- **WHAT IS EXPECTED**
Every line of the data below needs to be reproduced exactly.

= = = = =

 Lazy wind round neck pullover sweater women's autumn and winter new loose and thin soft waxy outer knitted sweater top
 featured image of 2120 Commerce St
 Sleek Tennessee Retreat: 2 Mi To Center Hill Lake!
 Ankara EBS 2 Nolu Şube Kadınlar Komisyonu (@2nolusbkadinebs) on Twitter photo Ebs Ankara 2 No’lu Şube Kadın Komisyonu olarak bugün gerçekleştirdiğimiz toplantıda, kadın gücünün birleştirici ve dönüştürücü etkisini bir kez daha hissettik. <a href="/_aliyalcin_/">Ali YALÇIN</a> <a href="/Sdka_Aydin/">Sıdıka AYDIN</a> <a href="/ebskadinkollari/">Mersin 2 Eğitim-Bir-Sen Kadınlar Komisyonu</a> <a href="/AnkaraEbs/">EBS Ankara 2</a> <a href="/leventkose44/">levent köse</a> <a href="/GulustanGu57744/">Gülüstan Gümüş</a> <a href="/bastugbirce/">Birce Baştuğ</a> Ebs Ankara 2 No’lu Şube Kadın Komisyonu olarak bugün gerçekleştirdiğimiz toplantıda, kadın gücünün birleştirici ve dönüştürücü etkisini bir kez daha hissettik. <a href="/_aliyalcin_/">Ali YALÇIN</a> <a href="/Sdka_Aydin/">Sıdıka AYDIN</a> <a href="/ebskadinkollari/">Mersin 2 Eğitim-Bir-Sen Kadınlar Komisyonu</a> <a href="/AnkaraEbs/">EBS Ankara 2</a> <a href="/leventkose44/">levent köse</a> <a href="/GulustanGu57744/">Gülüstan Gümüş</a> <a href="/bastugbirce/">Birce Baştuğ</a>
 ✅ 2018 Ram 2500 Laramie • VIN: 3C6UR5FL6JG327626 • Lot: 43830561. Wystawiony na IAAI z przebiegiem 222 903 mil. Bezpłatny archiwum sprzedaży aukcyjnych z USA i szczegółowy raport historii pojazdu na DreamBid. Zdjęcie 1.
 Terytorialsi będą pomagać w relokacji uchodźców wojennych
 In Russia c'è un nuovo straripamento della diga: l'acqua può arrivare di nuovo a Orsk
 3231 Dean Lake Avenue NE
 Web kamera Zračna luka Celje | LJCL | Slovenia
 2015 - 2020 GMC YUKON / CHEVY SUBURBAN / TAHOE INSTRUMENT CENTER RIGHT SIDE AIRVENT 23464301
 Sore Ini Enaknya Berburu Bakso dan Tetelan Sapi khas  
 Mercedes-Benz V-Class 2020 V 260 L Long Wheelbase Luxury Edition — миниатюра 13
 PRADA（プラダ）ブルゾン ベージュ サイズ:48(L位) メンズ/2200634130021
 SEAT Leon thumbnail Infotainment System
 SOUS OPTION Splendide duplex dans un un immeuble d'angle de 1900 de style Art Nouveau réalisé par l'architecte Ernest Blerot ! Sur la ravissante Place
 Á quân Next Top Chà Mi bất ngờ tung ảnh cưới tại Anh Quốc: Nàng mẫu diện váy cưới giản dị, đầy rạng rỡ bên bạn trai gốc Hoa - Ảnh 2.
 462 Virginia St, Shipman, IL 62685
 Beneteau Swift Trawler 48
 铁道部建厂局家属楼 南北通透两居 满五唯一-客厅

= = = = =

- **EXPECTED OUTPUT**
 Lazy wind round neck pullover sweater women's autumn and winter new loose and thin soft waxy outer knitted sweater top
 featured image of 2120 Commerce St
 Sleek Tennessee Retreat: 2 Mi To Center Hill Lake!
 Ankara EBS 2 Nolu Şube Kadınlar Komisyonu (@2nolusbkadinebs) on Twitter photo Ebs Ankara 2 No’lu Şube Kadın Komisyonu olarak bugün gerçekleştirdiğimiz toplantıda, kadın gücünün birleştirici ve dönüştürücü etkisini bir kez daha hissettik. <a href="/_aliyalcin_/">Ali YALÇIN</a> <a href="/Sdka_Aydin/">Sıdıka AYDIN</a> <a href="/ebskadinkollari/">Mersin 2 Eğitim-Bir-Sen Kadınlar Komisyonu</a> <a href="/AnkaraEbs/">EBS Ankara 2</a> <a href="/leventkose44/">levent köse</a> <a href="/GulustanGu57744/">Gülüstan Gümüş</a> <a href="/bastugbirce/">Birce Baştuğ</a> Ebs Ankara 2 No’lu Şube Kadın Komisyonu olarak bugün gerçekleştirdiğimiz toplantıda, kadın gücünün birleştirici ve dönüştürücü etkisini bir kez daha hissettik. <a href="/_aliyalcin_/">Ali YALÇIN</a> <a href="/Sdka_Aydin/">Sıdıka AYDIN</a> <a href="/ebskadinkollari/">Mersin 2 Eğitim-Bir-Sen Kadınlar Komisyonu</a> <a href="/AnkaraEbs/">EBS Ankara 2</a> <a href="/leventkose44/">levent köse</a> <a href="/GulustanGu57744/">Gülüstan Gümüş</a> <a href="/bastugbirce/">Birce Baştuğ</a>
 ✅ 2018 Ram 2500 Laramie • VIN: 3C6UR5FL6JG327626 • Lot: 43830561. Wystawiony na IAAI z przebiegiem 222 903 mil. Bezpłatny archiwum sprzedaży aukcyjnych z USA i szczegółowy raport historii pojazdu na DreamBid. Zdjęcie 1.
 Terytorialsi będą pomagać w relokacji uchodźców wojennych
 In Russia c'è un nuovo straripamento della diga: l'acqua può arrivare di nuovo a Orsk
 3231 Dean Lake Avenue NE
 Web kamera Zračna luka Celje | LJCL | Slovenia
 2015 - 2020 GMC YUKON / CHEVY SUBURBAN / TAHOE INSTRUMENT CENTER RIGHT SIDE AIRVENT 23464301
 Sore Ini Enaknya Berburu Bakso dan Tetelan Sapi khas  
 Mercedes-Benz V-Class 2020 V 260 L Long Wheelbase Luxury Edition — миниатюра 13
 PRADA（プラダ）ブルゾン ベージュ サイズ:48(L位) メンズ/2200634130021
 SEAT Leon thumbnail Infotainment System
 SOUS OPTION Splendide duplex dans un un immeuble d'angle de 1900 de style Art Nouveau réalisé par l'architecte Ernest Blerot ! Sur la ravissante Place
 Á quân Next Top Chà Mi bất ngờ tung ảnh cưới tại Anh Quốc: Nàng mẫu diện váy cưới giản dị, đầy rạng rỡ bên bạn trai gốc Hoa - Ảnh 2.
 462 Virginia St, Shipman, IL 62685
 Beneteau Swift Trawler 48
 铁道部建厂局家属楼 南北通透两居 满五唯一-客厅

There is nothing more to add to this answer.